Seven years ago, I joined a project to build a booking system said to be the third-largest in the world by scale.
The budget was in the tens of billions of yen? (5–6 vendors involved: Marketing, customer profiles, booking system, customer portal, etc.). We planned to customize a major vendor’s package as the base, but the result was—“project canceled.”
The reasons were clear.
In the end, people talked about rebuilding from scratch, or concluded it wasn’t viable for operations—the现场 (project site) was in shambles.
But now, with rapid advances in generative AI—especially the shift from “RAG to Agent Memory”—we can finally see a path to realizing the ideal we gave up on back then.
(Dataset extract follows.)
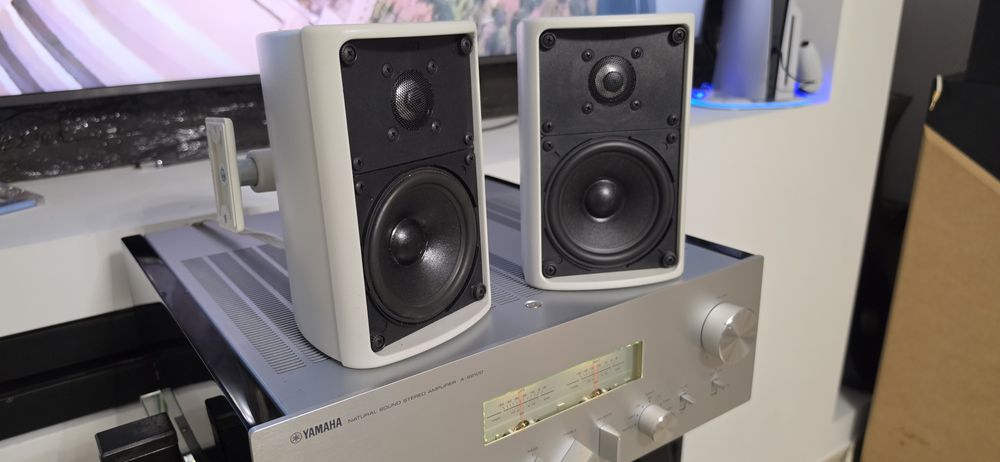Boxe sateliti Canton Twin 800 cu suporti prindere perete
In this article, I share a new architecture concept for booking systems in the Agent era (Learn From Pain), based on the “pain” we learned from in the past.
Traditional booking systems resemble what, in AI terms, would be called “Naive RAG.” Basically, “every time a user arrives, the system queries the database (DB) and returns the result at that moment.”
💀 Problem ①: The “musical chairs” experience that destroys UX
When traffic spikes, DB lock waits occur. The screen says “available,” but after you enter details and press confirm, you get an error: “it’s taken.” This is the disappointing experience caused by trying to control the time lag between “the moment you searched” and “the moment you confirmed” using only DB transactions.
💀 Problem ②: The limits of dynamic resource calculation
This was the toughest part for me seven years ago. Imagine booking for a “hair removal salon.”
If you try to implement this with SQL or static logic, conditional branches explode. And when you start cross-checking “room availability,” “staff availability,” and “equipment availability,” the load on the DB grows exponentially—and the system goes down.
The approach that solves this is “Memory in Agents.”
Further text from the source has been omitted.